How “Opal & Nev” were brought to life
How "Opal & Nev" came to life
Dawnie Walton had a strong sense of her future from an early age.
In a project her mother had saved from the ninth grade, Walton predicted that she would write three novels and work as a journalist for a magazine. After nearly two decades as editor for several national publications, Walton published her debut novel, The Final Revival of Opal & Nev, this past year and can confidently say her dreams have come true.
Walton spent Thursday talking with Newhouse School classes about The Final Revival of Opal & Nev, which follows a fictional rock ‘n’ roll duo through the trials and tribulations that came along with rapid stardom in the 1970s. The story, a passion project that took more than eight years to complete, was influenced by both Walton’s personal and professional experiences.
The ’70s are a time that Walton holds dearly; her parents were young and music filled her childhood home. Her work as an editor at magazines like Essence, Entertainment Weekly and LIFE, enabled her to explore identity, place and pop culture, which are all prevalent themes in the novel.

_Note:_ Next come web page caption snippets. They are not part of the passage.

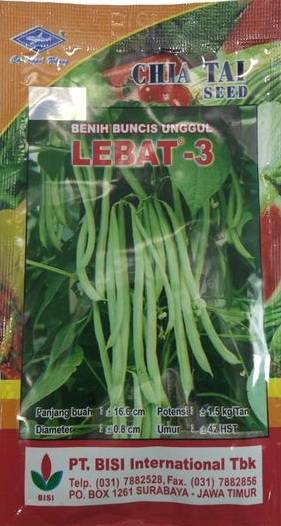 buncis unggul lebat 3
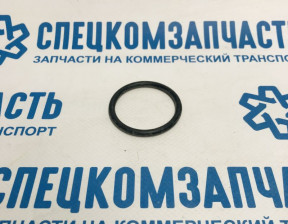 Кольцо корпуса термостата на Пежо Боксер - 134091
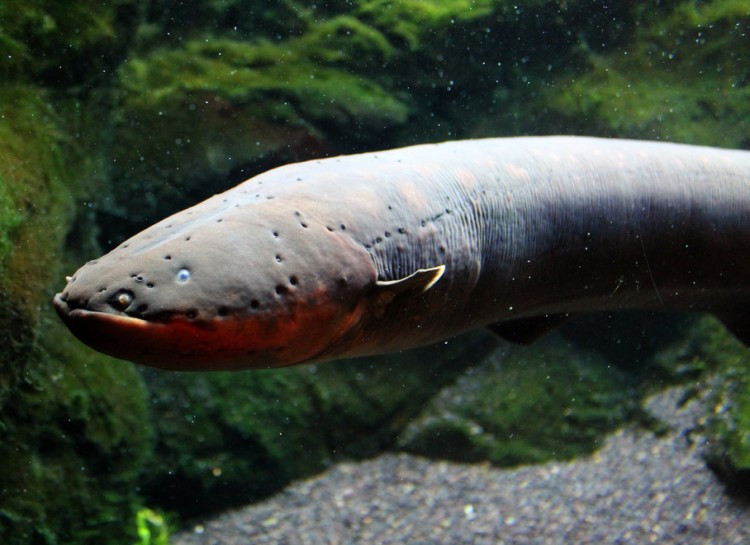 Một nguồn điện 500V sẽ được phóng ra ngay tức khắc khi kẻ thù dám động chạm đếnlươn điện.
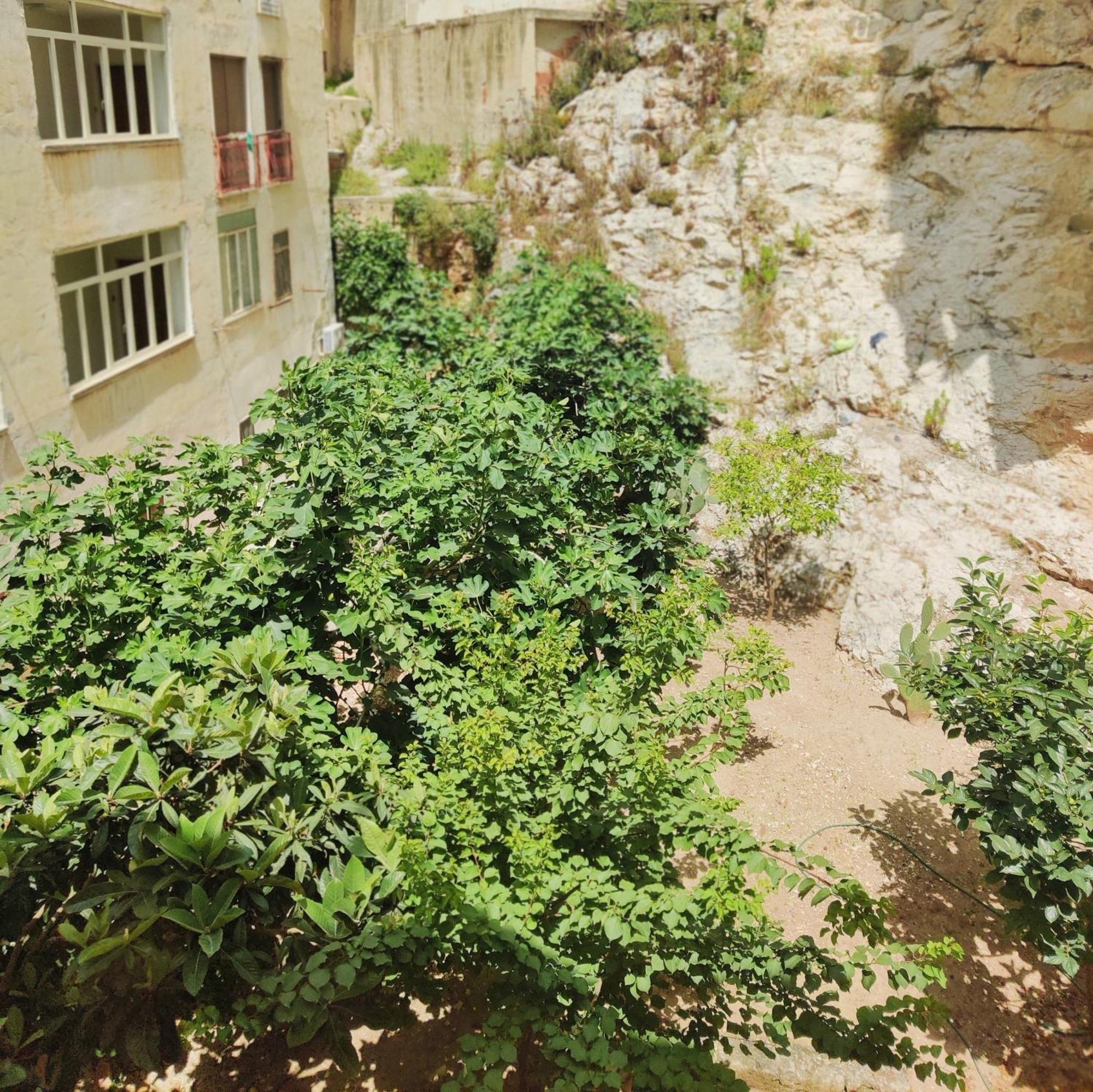 La Rupe E Il Giardino * Manfredonia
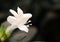 A variety of Crested Philippine flower in close up perspective shot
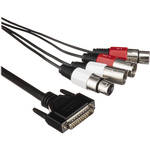 Lynx Studio Technology CBL-L22Audio DB-25 Male to 2 XLR Male & 2 XLR Female Audio Cable for L22 Audio Card - 6'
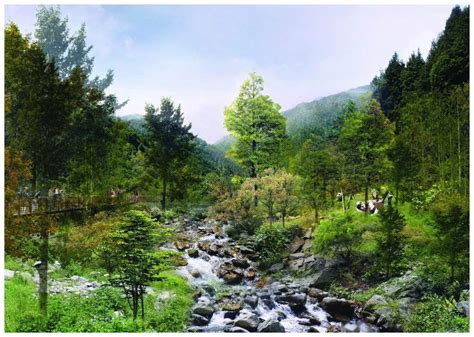 中国地理之卧龙自然保护区|卧龙自然保护区|珙桐|金丝猴_新浪新闻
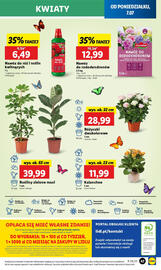 Lidl gazetka Strona 55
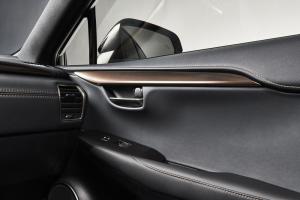Lexus NX300 Black Line 2019 года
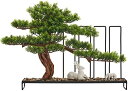 【20%OFFクーポン】人工観葉植物 シミュレーション盆栽ツリー中国風のようこそ松の植物屋内鉢植えの緑の植物の装飾ホームオフィスポーチ乾燥風景禅デスクトップ 人...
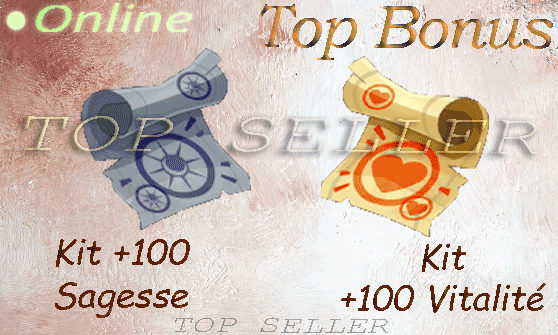 Kit parchotage +100 sagesse + Kit parchotage +100 vitalite + Top bonus - livraison 5 minutes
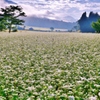 蕎麦畑の朝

The first spark of inspiration for the story came to Walton in 2013 when she watched the documentary, 20 Feet From Stardom. The film follows background singers, mostly Black women who contributed to famous pop and rock songs. But their names and faces never appeared in music history. She recalls one moment specifically, seeing two women standing behind David Byrne of Talking Heads, who was center stage. These two women were joyful, with their microbraids and red lips commanding attention. Walton remembers just wanting to pull them to center stage and take in their energy, talent and beauty. This was the moment that inspired the first words of the story.
“This was the first time with this novel that I felt like it was really clicking,” Walton said. “I was getting something emotionally right, I was getting the characters right, I was getting the voices right. It’s hard to describe, but you know when you’re onto something that feels big and feels life-changing.”
And life-changing it was. Despite Walton taking her leap of faith and moving away from her career in journalism, the publication of her novel has afforded her opportunities in her previous career that she had never had before. In dutifully climbing the rungs of the media industry, she felt herself getting further and further away from her true passion: writing. But after The Final Revival of Opal & Nev came out, she was offered the chance to write cover stories. Now, though she wants to continue exploring her new identity as an author, the journalist side of her is still there.
“I always feel like those two pieces of me are still coexisting as the journalist and kind of like the dreamer, like the fiction writer, the practical, the logical and fantastical, both of those things at once,” Walton said.
This dream is something that has taken Walton farther than ever imagined and is inspiring to anyone looking to take that leap in their careers and their lives. She knew that when she no longer had a dream that scared her, something needed to change. She knew that she needed to trust her gut and trust herself, advice she would give to her younger self.